Essência

A tribulação, longe de ser um fardo sem propósito, revela-se como um instrumento valioso nas mãos de Deus para conduzir seus filhos à fidelidade, à santificação e à verdadeira alegria. O sofrimento presente não se compara à glória reservada para aqueles que permanecem fiéis, mesmo em meio às aflições. O caminho do Senhor exige separação do mundo, rejeição da profanidade e uma resposta de gratidão, não de murmuração, diante das adversidades.

O ponto de partida

A reflexão nasce do ensino de Jesus à igreja de Esmirna sobre fidelidade até a morte, prometendo a coroa da vida. O texto de serve de base para mostrar que as aflições do tempo presente não podem ser comparadas com a glória futura que será revelada aos que servem ao Senhor de todo o coração.

Desenvolvimento da Palavra

Tribulação, fidelidade e separação do mundo

A tribulação possui grande recompensa e só é compreendida por aqueles que buscam ao Senhor de todo o coração e vivem piedosamente. Paulo afirma que quem vive de modo piedoso enfrentará perseguições. O contraste entre amizade com Deus e amizade com o mundo é apresentado como absoluto: não há meio termo. Quem se faz amigo do mundo se constitui inimigo de Deus, e o Espírito Santo chama de profano aquele que trata as coisas celestiais como comuns, como Esaú, que perdeu o reino e não encontrou lugar de arrependimento. A profanidade se manifesta não apenas em palavras, mas principalmente em atitudes e conduta. O profano tenta viver em dois mundos, agarrando o mundo com uma mão e tentando segurar as coisas celestiais com a outra, mas isso é impossível.

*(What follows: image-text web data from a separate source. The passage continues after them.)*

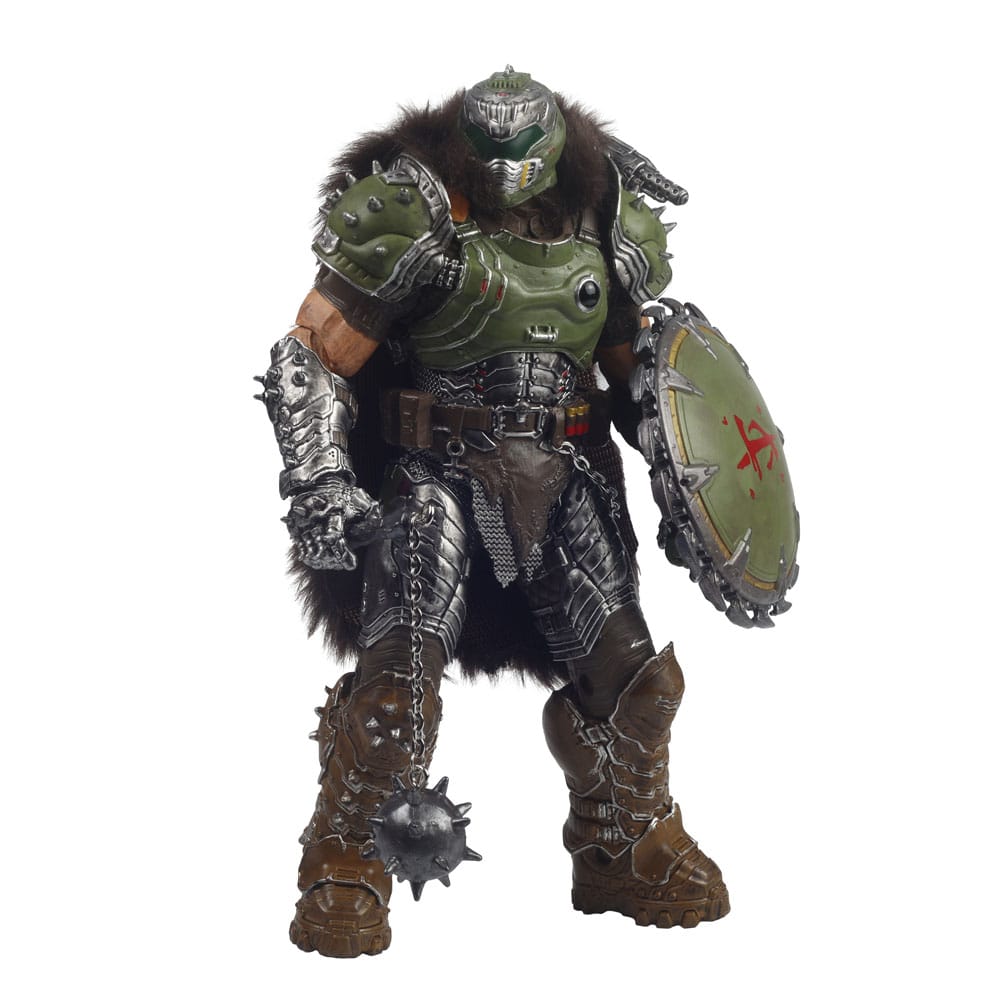 Doom McFarlane Elite Edition Figura Doom Slayer 18 cm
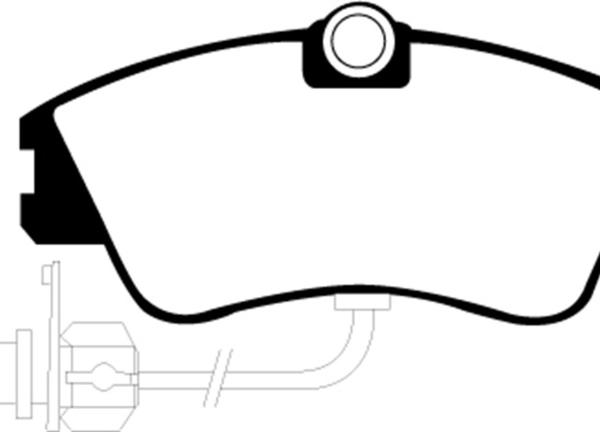 EBC DP61030/2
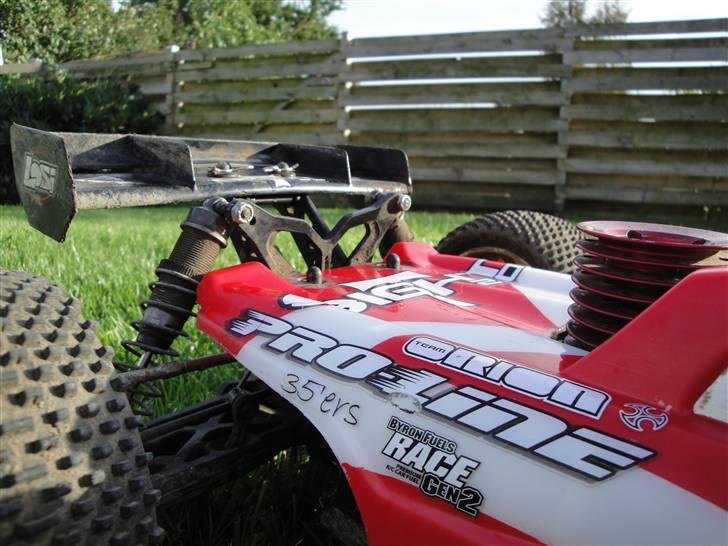 Truck Team Losi 8ight T 2.0 billede 3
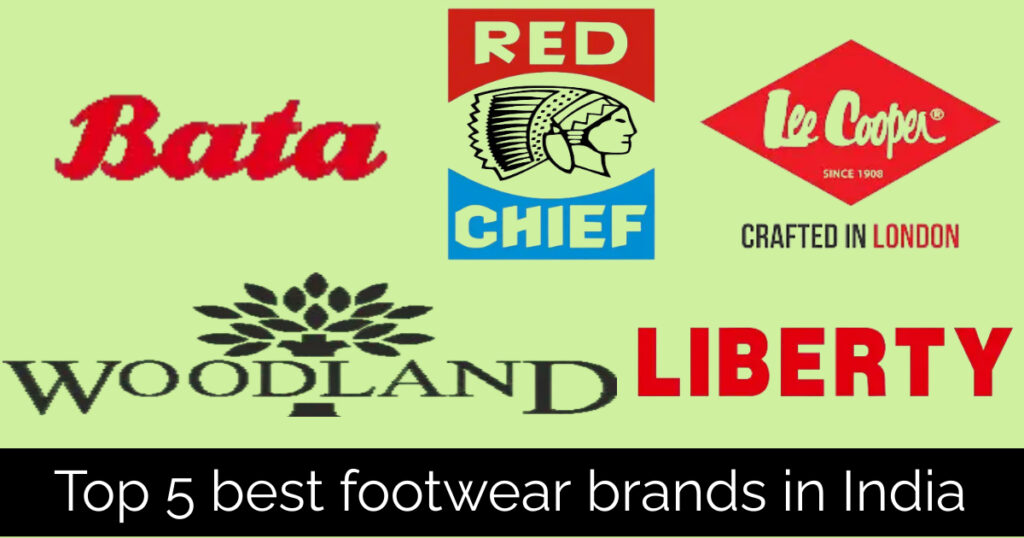 best footwear brands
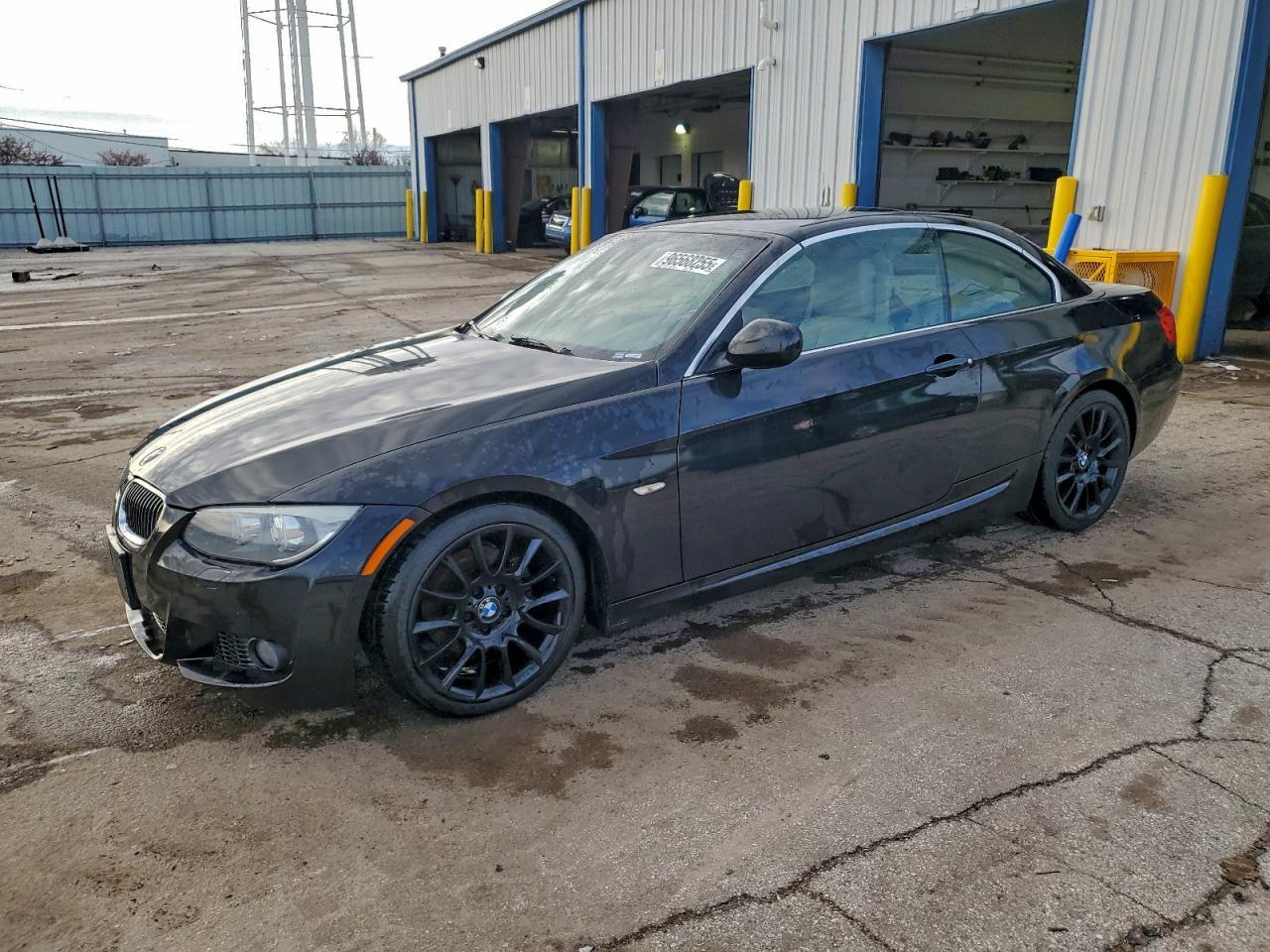 2012 BMW 3 SERIES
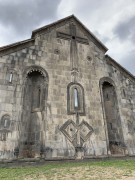 Монастырь Пресвятой Богородицы, Восточный фасад<br>, Ахтала, Армения, Прочие страны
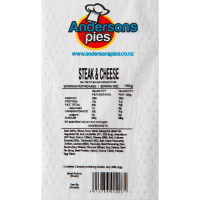 Steak & Cheese Pie (1ea)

Aqueles que servem ao Senhor enfrentam oposição do mundo, de principados e potestades, mas o Senhor permanece com eles. As aflições são parte da vida do justo, mas não se comparam à glória que será revelada. O exemplo de Esaú ilustra o perigo de tentar conciliar o mundo e as promessas de Deus, mostrando que a fidelidade exige separação e decisão.

O propósito das aflições e o retorno ao Senhor

As aflições são permitidas por Deus em sua fidelidade. O Salmo 119:75 afirma que o Senhor aflige em sua fidelidade, e o verso 67 reforça que antes de ser afligido, o salmista andava errado, mas após a aflição passou a guardar a palavra de Deus. A aflição impede o pecado e conduz o coração de volta ao Senhor. O exemplo do filho pródigo mostra que, ao experimentar a miséria longe do pai, reconheceu o valor da casa e do amor paterno. O sofrimento, então, é visto como um meio de Deus trazer seus filhos de volta ao seu caminho.

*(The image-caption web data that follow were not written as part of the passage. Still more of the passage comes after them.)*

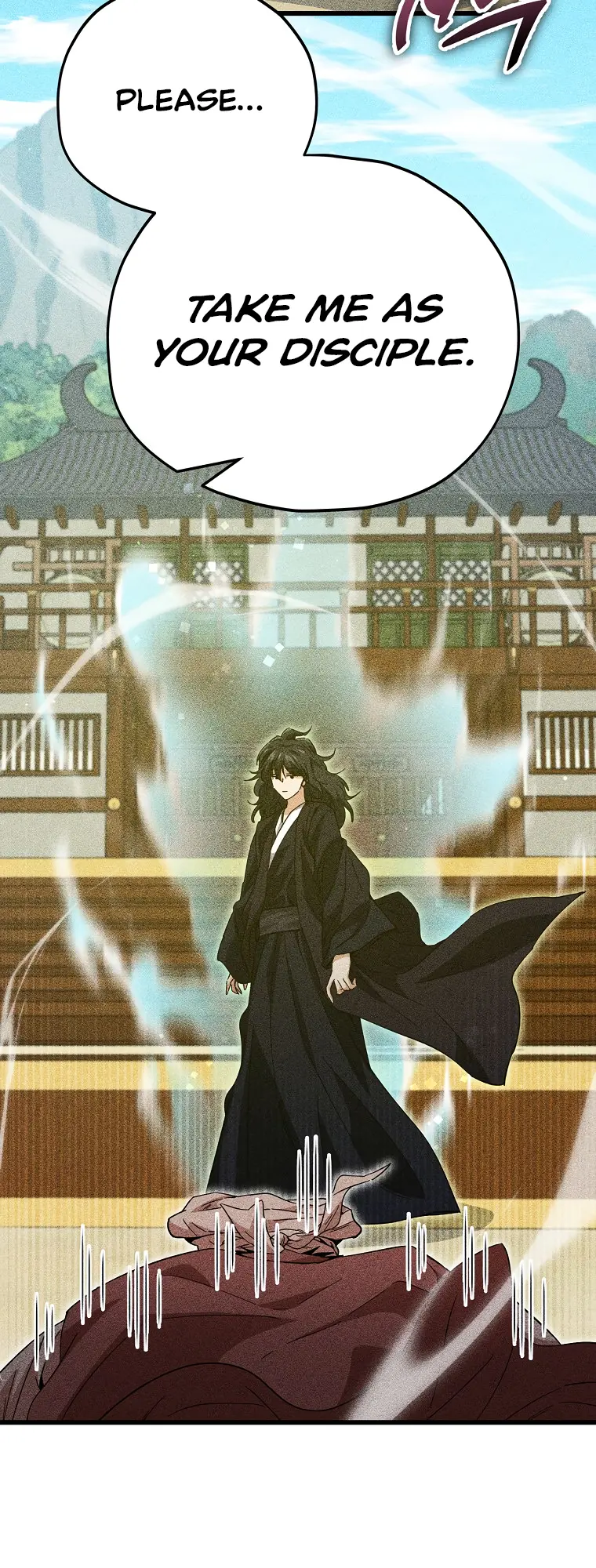 Read My Dad Is Too Strong EN Manga Online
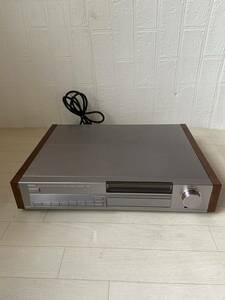 * YAMAHA Yamaha FM/AM tuner TX-2000 audio equipment stereo sound equipment electrification not doing therefore Junk *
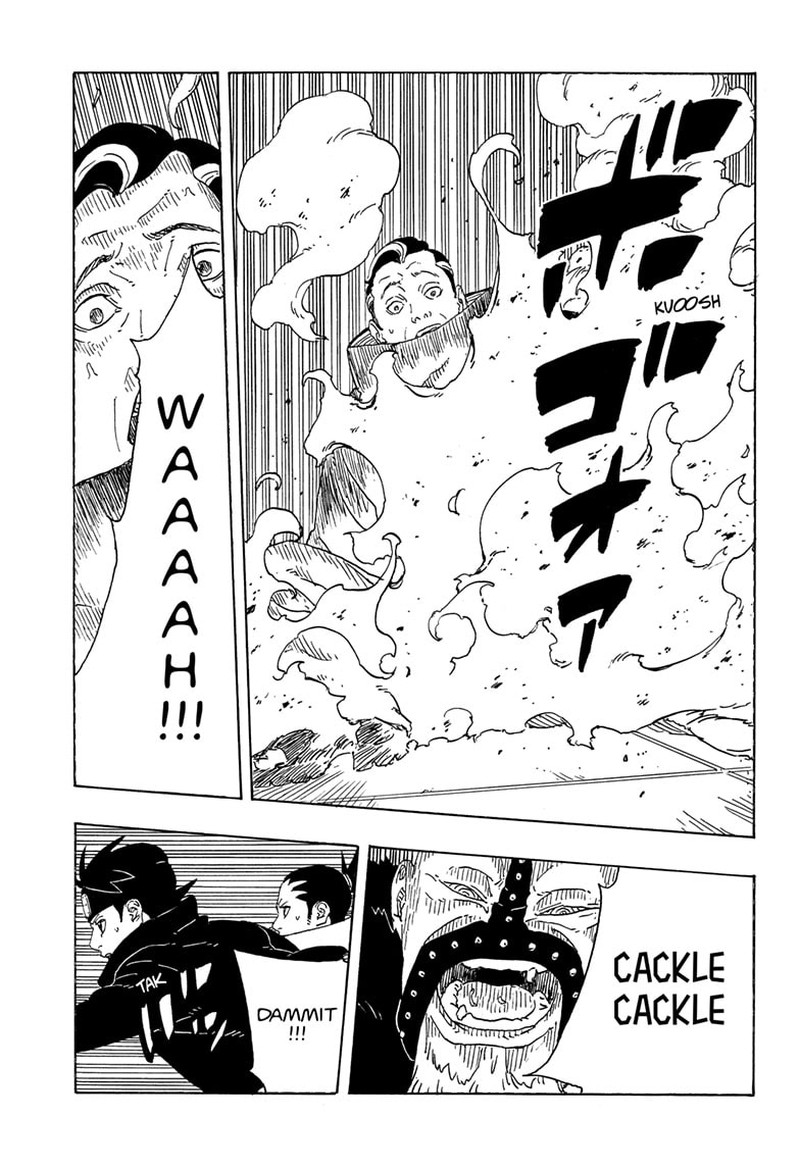 Read Boruto Two Blue Vortex Manga Online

O perigo está em viver longe de Deus e, ainda assim, prosperar e estar tranquilo. Isso pode indicar que a pessoa está cada vez mais distante do Senhor, pois a verdadeira ovelha, quando se afasta, sente a aflição e é levada a buscar o retorno. O salmista percebeu que a prosperidade dos ímpios é passageira e leva à perdição, enquanto o caminho do justo é como a luz da aurora, brilhando até o dia perfeito, a plena revelação de Cristo.

Alegria nas aflições e gratidão em vez de murmuração

A verdadeira alegria nasce da aceitação do trabalhar de Deus e de sua correção. Moisés desejava alegrar-se pelas aflições vividas, reconhecendo, com o tempo, o valor de cada tribulação. A alegria do Senhor é experimentada após o sofrimento, pois o choro dura uma noite, mas a alegria vem pela manhã. A ressurreição de Jesus é apresentada como o ápice dessa esperança: as mulheres que foram ao túmulo encontraram a pedra removida e ouviram que o Senhor havia ressuscitado, trazendo consolo e alegria para corações aflitos.

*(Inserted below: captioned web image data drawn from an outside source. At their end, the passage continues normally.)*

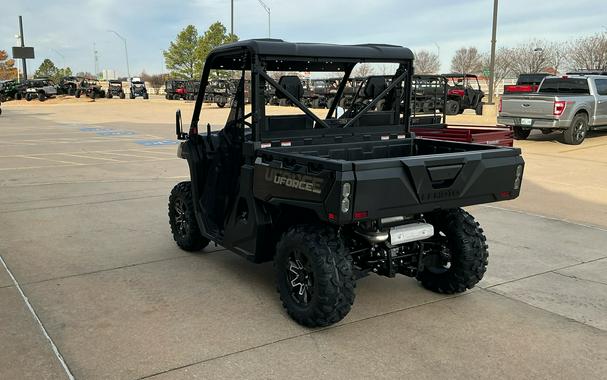 2026 CFMOTO UFORCE 1000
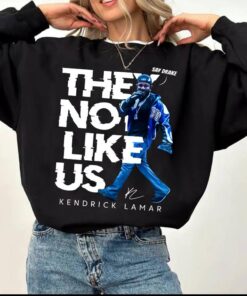 Hey Dr44k3!!! THEY NOT LIKE US - Urban Hip-Hop Music Shirt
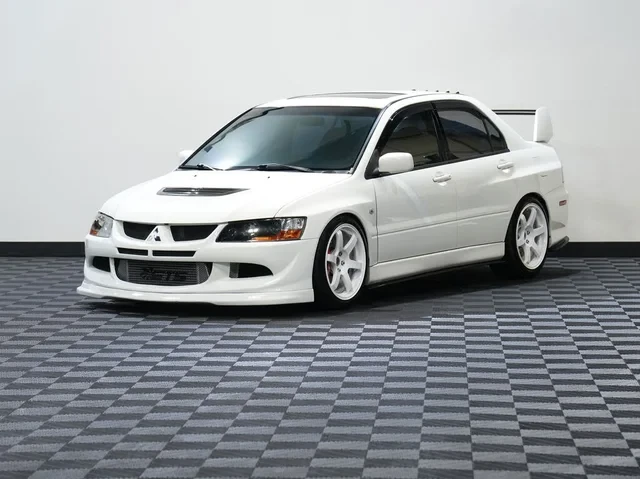 2003 Mitsubishi Lancer Evolution VIII 7th Gen - Image 3 of 20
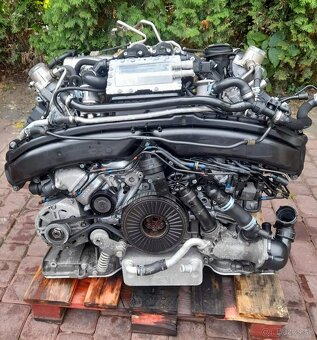 Kompletní motor Audi RS6 RS7 4.0 TFSI CWU CRD DDT - 3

A murmuração é identificada como um pecado grave, especialmente para aqueles que já conheceram a benignidade e o amor de Deus. Reclamar das circunstâncias, da família ou dos irmãos é desprezar a bondade recebida. O exemplo do filho pródigo, que murmurava das regras do pai e desejava liberdade, mostra que a insatisfação rompe a comunhão. O ensino de Filipenses é claro: todas as coisas devem ser feitas sem murmuração, para que sejamos irrepreensíveis na vinda do Senhor. A alternativa à murmuração é transformar a aflição em louvor, como fizeram os salmistas, compondo cânticos em meio às tribulações.

Para guardar

  • A tribulação revela a fidelidade de Deus e conduz ao arrependimento.
  • Não há meio termo entre amizade com Deus e com o mundo.
  • A verdadeira alegria nasce da gratidão e do louvor, mesmo em meio às aflições.